* TASK STATEMENT *
Within the data that follows, set down exactly the lines from the one containing "( - CNC DIPTERA" through the one containing "Cachorro raça SRD-ViraLata", both ends included.

* EXERCISE DATA *
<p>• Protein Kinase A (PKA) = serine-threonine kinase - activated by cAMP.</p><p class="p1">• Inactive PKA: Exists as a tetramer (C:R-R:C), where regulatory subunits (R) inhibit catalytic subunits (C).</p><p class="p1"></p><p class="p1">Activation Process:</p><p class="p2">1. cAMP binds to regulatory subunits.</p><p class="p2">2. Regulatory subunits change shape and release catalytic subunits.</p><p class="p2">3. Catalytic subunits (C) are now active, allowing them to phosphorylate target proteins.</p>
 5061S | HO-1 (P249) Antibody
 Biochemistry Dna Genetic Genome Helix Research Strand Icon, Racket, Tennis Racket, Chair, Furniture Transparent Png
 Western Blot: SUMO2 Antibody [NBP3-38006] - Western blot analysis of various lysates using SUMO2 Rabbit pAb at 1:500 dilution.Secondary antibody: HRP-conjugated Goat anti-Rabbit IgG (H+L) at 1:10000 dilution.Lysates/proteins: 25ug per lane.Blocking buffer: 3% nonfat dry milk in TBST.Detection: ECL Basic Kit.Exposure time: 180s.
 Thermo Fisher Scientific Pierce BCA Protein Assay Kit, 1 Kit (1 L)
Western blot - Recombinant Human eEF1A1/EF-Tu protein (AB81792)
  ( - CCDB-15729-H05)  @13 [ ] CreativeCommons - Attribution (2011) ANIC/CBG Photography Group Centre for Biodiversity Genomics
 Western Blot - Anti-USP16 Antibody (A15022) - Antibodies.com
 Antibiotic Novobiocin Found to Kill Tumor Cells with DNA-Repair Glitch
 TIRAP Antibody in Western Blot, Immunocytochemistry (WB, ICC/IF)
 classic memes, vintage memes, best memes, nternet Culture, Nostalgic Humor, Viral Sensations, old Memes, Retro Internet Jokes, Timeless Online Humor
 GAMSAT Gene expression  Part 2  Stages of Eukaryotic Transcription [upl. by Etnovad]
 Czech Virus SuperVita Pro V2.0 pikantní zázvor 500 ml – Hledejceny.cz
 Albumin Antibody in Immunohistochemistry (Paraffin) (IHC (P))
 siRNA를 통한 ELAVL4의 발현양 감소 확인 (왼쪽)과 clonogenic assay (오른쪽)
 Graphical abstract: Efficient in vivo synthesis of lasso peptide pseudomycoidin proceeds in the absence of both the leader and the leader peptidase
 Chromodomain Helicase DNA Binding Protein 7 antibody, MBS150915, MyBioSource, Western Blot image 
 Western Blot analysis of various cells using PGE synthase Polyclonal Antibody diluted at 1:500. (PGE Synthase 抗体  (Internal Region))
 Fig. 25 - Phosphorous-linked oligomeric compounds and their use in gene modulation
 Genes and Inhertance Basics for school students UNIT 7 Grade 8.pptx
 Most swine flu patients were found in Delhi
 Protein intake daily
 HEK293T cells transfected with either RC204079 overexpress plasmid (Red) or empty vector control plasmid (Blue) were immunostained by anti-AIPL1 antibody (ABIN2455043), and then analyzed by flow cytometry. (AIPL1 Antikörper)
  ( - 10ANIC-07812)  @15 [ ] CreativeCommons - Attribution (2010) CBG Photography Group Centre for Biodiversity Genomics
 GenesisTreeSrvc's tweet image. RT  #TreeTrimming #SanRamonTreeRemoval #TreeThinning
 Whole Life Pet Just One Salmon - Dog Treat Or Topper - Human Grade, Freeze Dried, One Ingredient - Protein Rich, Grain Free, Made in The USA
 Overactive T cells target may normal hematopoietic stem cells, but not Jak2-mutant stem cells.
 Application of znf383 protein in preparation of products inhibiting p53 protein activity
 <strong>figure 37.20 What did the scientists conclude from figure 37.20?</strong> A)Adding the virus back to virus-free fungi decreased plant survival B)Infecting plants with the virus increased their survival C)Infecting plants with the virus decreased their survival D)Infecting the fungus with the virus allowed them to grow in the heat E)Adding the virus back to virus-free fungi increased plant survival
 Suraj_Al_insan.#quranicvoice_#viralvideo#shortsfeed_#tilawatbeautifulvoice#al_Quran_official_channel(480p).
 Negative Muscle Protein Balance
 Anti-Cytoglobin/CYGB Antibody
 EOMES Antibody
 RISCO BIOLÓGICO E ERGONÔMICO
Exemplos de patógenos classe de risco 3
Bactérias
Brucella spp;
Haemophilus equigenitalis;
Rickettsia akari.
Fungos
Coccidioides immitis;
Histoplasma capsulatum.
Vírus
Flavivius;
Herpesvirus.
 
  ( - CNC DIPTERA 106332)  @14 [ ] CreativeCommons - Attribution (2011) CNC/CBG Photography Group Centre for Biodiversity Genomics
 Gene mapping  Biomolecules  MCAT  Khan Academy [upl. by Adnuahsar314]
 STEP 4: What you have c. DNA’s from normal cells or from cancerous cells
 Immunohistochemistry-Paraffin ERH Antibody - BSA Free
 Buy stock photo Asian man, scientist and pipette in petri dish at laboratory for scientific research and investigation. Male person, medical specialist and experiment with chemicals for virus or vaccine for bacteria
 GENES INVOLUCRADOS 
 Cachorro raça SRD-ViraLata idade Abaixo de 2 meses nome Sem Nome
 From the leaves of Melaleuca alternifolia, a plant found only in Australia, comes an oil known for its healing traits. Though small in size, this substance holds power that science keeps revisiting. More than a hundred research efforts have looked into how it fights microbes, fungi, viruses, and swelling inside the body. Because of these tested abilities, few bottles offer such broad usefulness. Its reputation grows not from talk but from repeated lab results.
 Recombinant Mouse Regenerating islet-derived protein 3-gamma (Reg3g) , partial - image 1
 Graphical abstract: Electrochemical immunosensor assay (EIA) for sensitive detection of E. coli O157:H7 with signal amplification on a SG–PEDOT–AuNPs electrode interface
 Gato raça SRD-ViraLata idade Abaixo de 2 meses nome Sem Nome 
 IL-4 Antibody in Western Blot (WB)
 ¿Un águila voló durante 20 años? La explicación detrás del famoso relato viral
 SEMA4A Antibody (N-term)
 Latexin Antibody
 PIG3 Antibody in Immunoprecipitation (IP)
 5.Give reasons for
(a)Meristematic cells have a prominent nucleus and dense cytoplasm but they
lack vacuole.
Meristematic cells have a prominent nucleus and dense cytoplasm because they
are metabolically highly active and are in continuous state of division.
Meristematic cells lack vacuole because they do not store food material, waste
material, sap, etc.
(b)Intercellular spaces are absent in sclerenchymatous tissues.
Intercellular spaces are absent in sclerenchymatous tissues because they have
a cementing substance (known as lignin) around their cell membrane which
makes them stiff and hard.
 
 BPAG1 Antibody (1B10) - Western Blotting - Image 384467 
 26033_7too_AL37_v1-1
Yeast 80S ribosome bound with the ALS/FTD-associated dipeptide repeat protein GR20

* ANSWER BELOW *
  ( - CNC DIPTERA 106332)  @14 [ ] CreativeCommons - Attribution (2011) CNC/CBG Photography Group Centre for Biodiversity Genomics
 Gene mapping  Biomolecules  MCAT  Khan Academy [upl. by Adnuahsar314]
 STEP 4: What you have c. DNA’s from normal cells or from cancerous cells
 Immunohistochemistry-Paraffin ERH Antibody - BSA Free
 Buy stock photo Asian man, scientist and pipette in petri dish at laboratory for scientific research and investigation. Male person, medical specialist and experiment with chemicals for virus or vaccine for bacteria
 GENES INVOLUCRADOS 
 Cachorro raça SRD-ViraLata idade Abaixo de 2 meses nome Sem Nome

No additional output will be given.